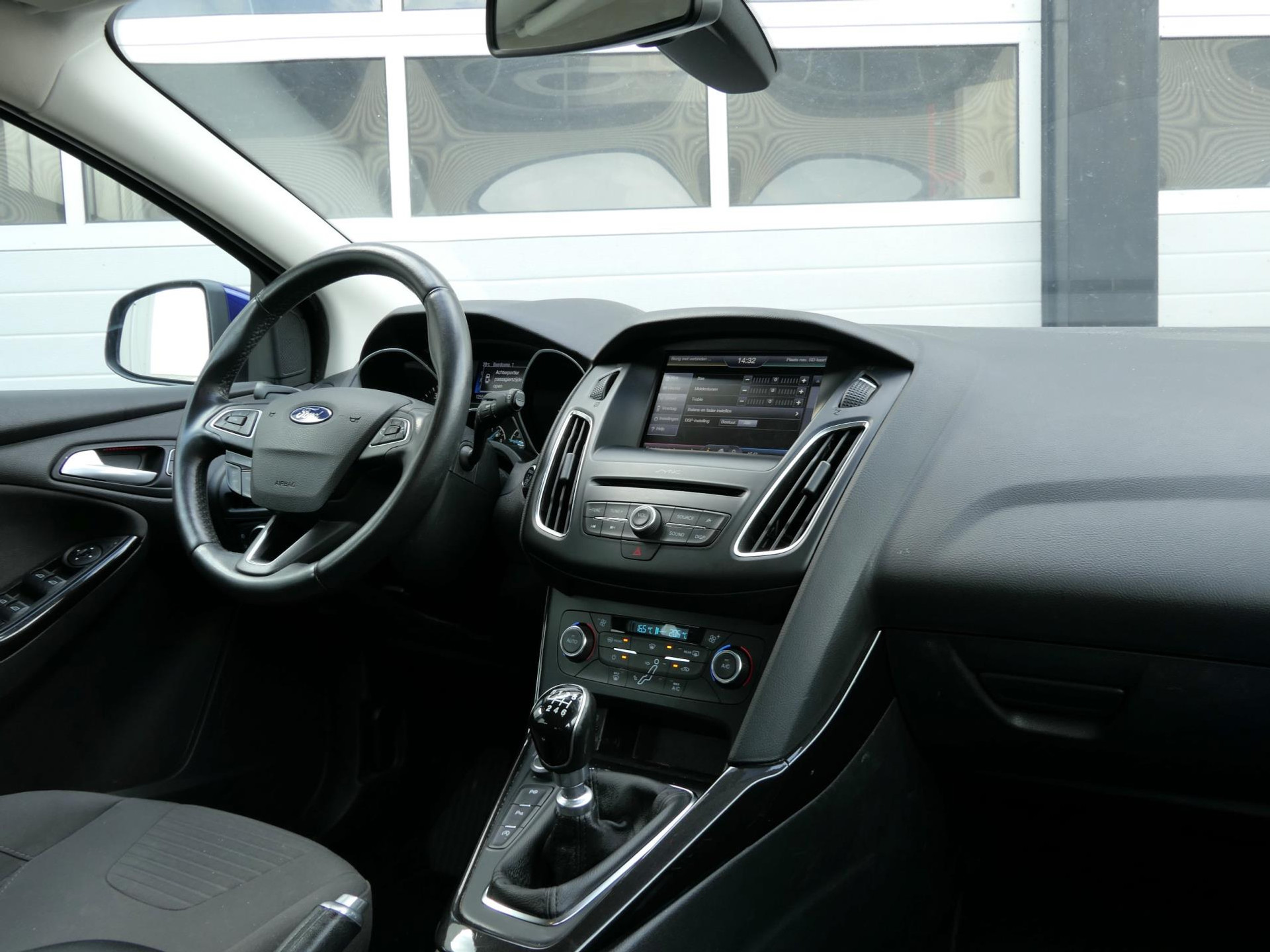 Ford Focus Wagon 1.0 Titanium 125PK! | Cruise | Clima | Navi | Nette Staat 47646471-9.jpg | Autobedrijf van Wierick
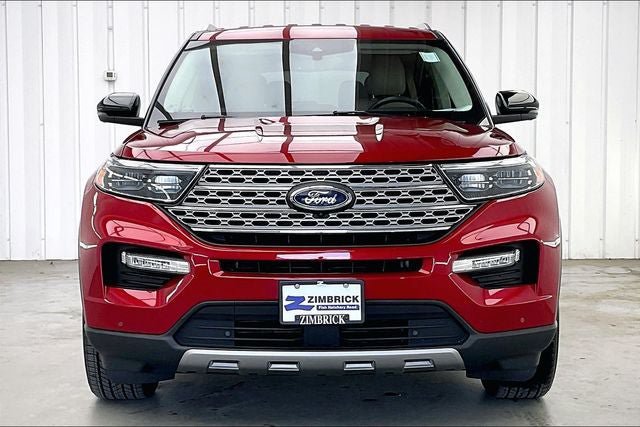 Used 2022 Ford Explorer Limited w/ Equipment Group 301A AWD/4WD image 3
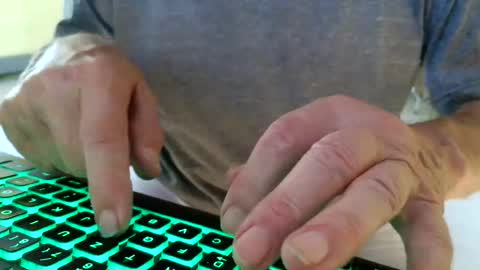 Snapshot of helvella chatting on July 24, 2026, 5:44 pm Helvell online show from July 24, 2026, 5:44 pm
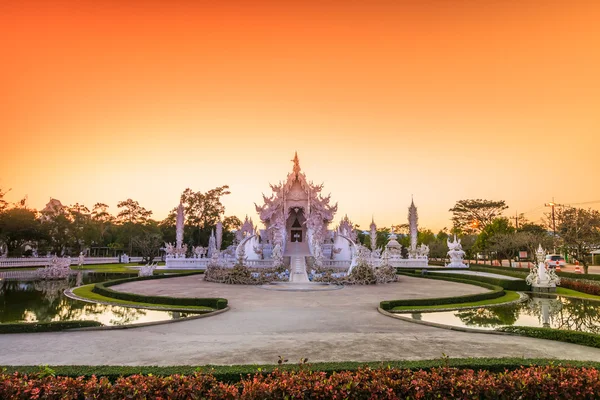 Wat Rong Khun templo tailandés — Foto de Stock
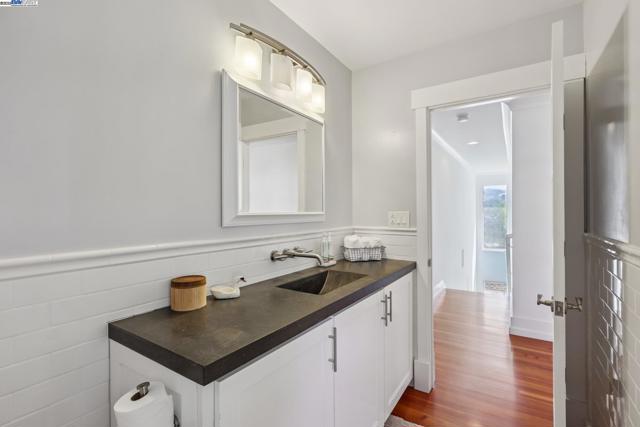 1333 Warren St, Martinez CA: https://media.crmls.org/mediaz/33c3865c-5214-4755-95f7-bfa7a78f1cb9.jpg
■ ■ ■
### WHAT YOU ARE ASKED TO DO
After dropping every picture, transcribe each entry exactly.

### OUTPUT OF THE TASK
 Ford Focus Wagon 1.0 Titanium 125PK! | Cruise | Clima | Navi | Nette Staat 47646471-9.jpg | Autobedrijf van Wierick
 Used 2022 Ford Explorer Limited w/ Equipment Group 301A AWD/4WD image 3
 Snapshot of helvella chatting on July 24, 2026, 5:44 pm Helvell online show from July 24, 2026, 5:44 pm
 Wat Rong Khun templo tailandés — Foto de Stock
 1333 Warren St, Martinez CA: https://media.crmls.org/mediaz/33c3865c-5214-4755-95f7-bfa7a78f1cb9.jpg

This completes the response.